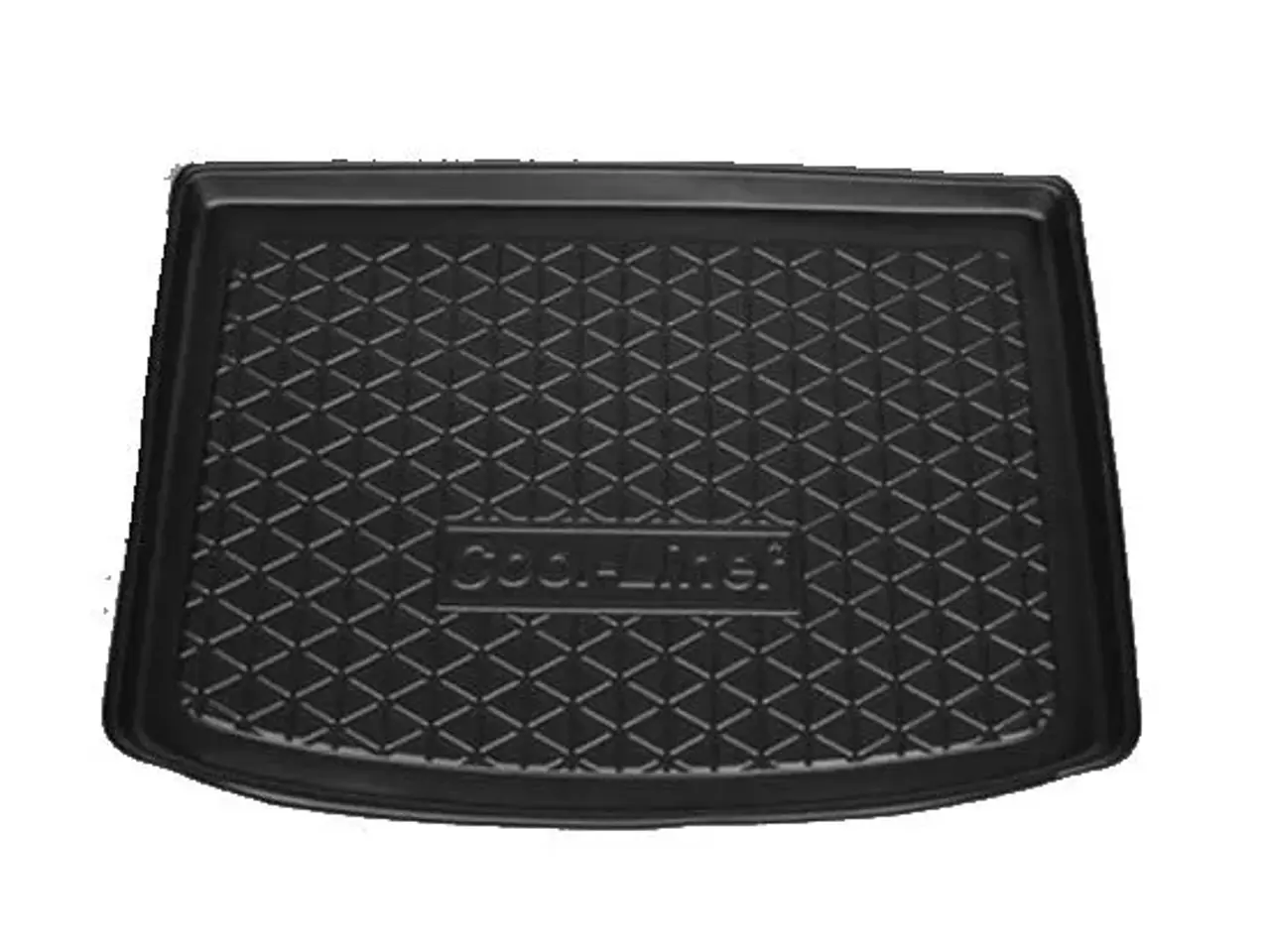 Billede 1 - Bagagerumsbakke, Seat Altea
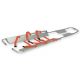 GIMA SCOOPING STRETCHER - ALUMINIUM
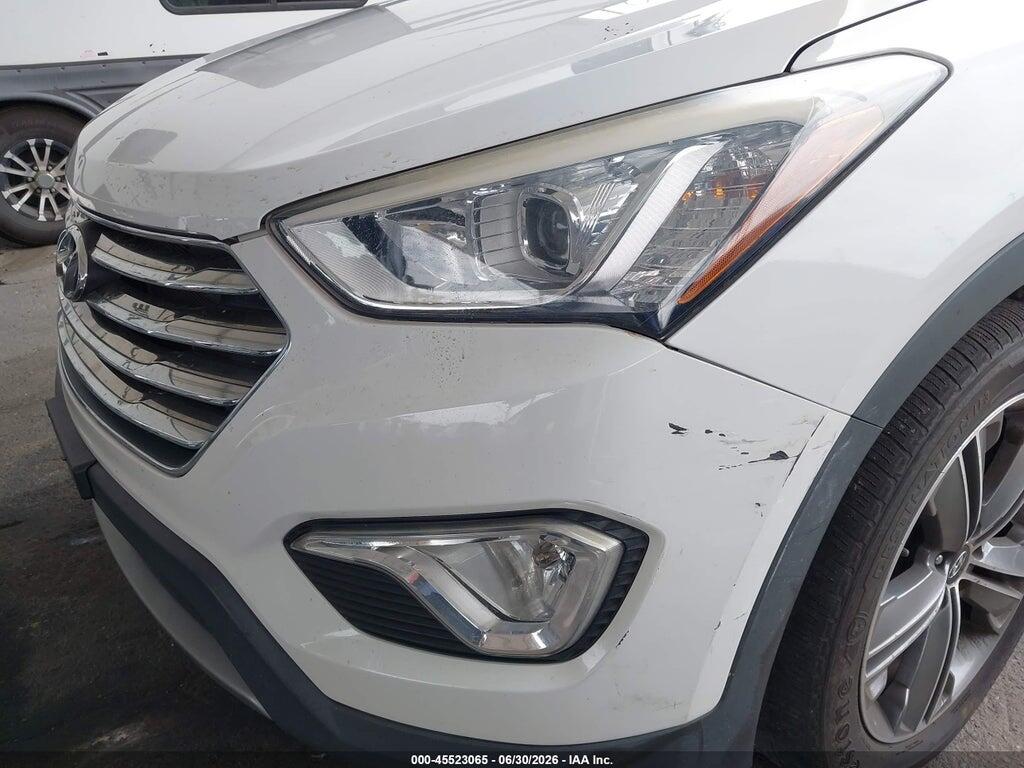 KM8SR4HF2GU164024 2016 HYUNDAI SANTA FE photo no. 6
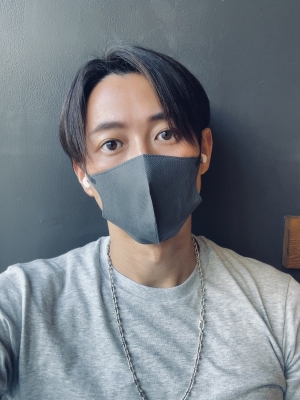 KONOSUKE(ｺｳﾉｽｹ) 認めてくれる場所があるって思わせるからな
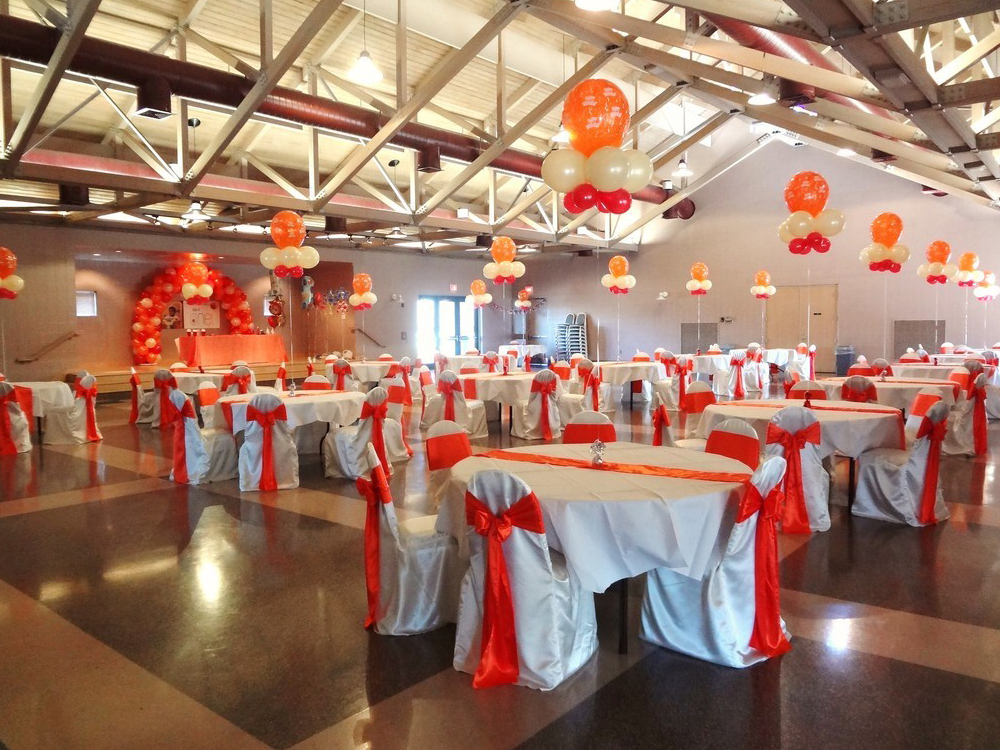 Banquet Hall Decoration 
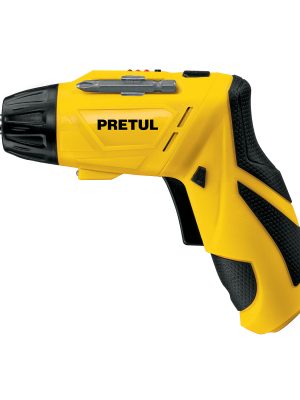 DESI-36P2.jpg 26402 - Destornillador de dos posiciones, 3.6V, PRETUL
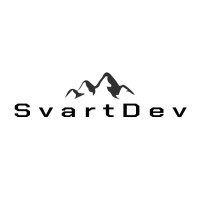 SvartDev logo - Similar company to Realis.Network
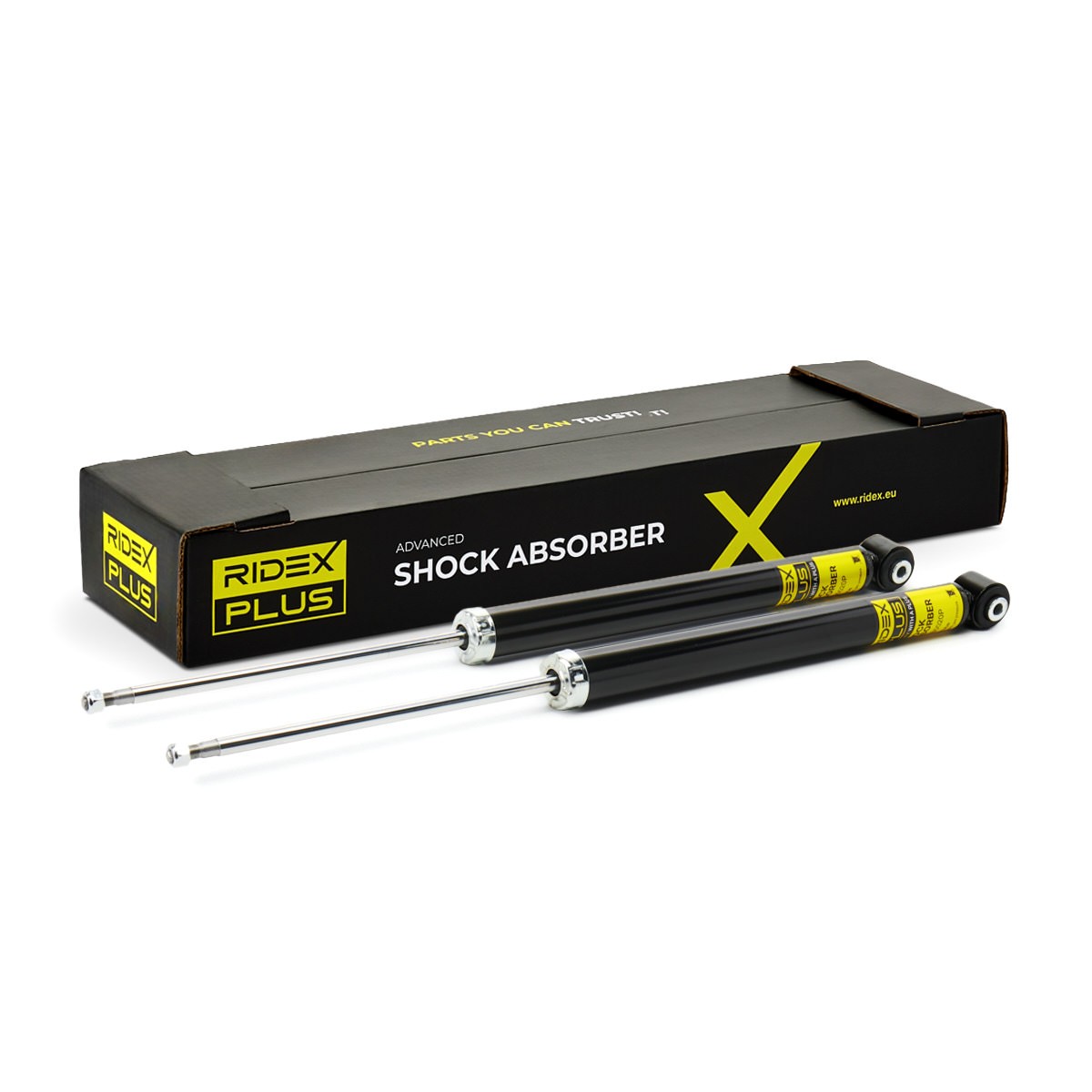 RIDEX PLUS Shock absorber Article number: 854S1543P cheaply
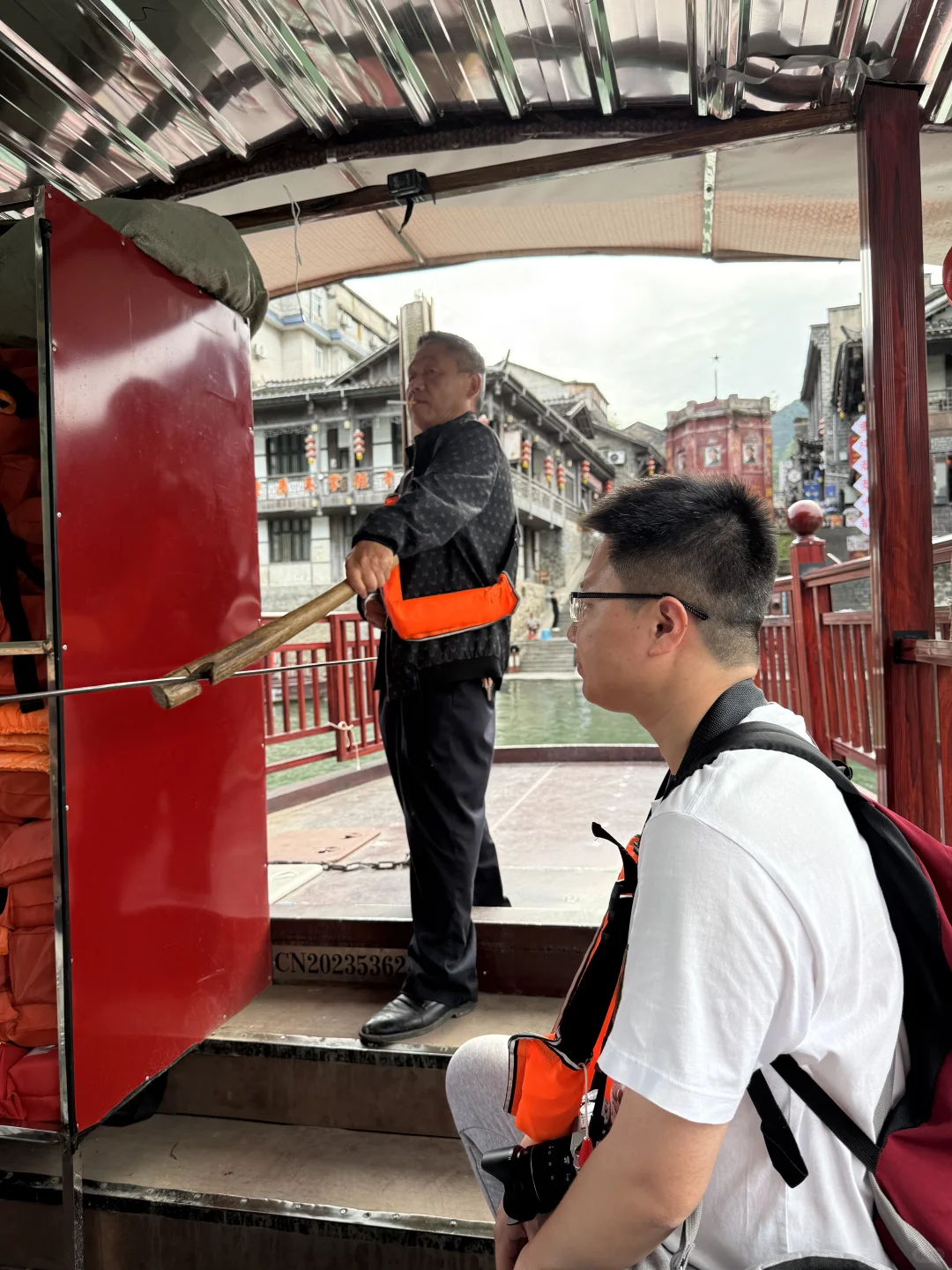 听劝｜嫌凤凰古城人多的来茶峒，体验更好👍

→ REQUIRED ACTION
Retype exactly, and only, the lines from the one containing "SvartDev logo - Similar" through the end of the material, leaving aside every picture.

→ WORKED SOLUTION
 SvartDev logo - Similar company to Realis.Network
 RIDEX PLUS Shock absorber Article number: 854S1543P cheaply
 听劝｜嫌凤凰古城人多的来茶峒，体验更好👍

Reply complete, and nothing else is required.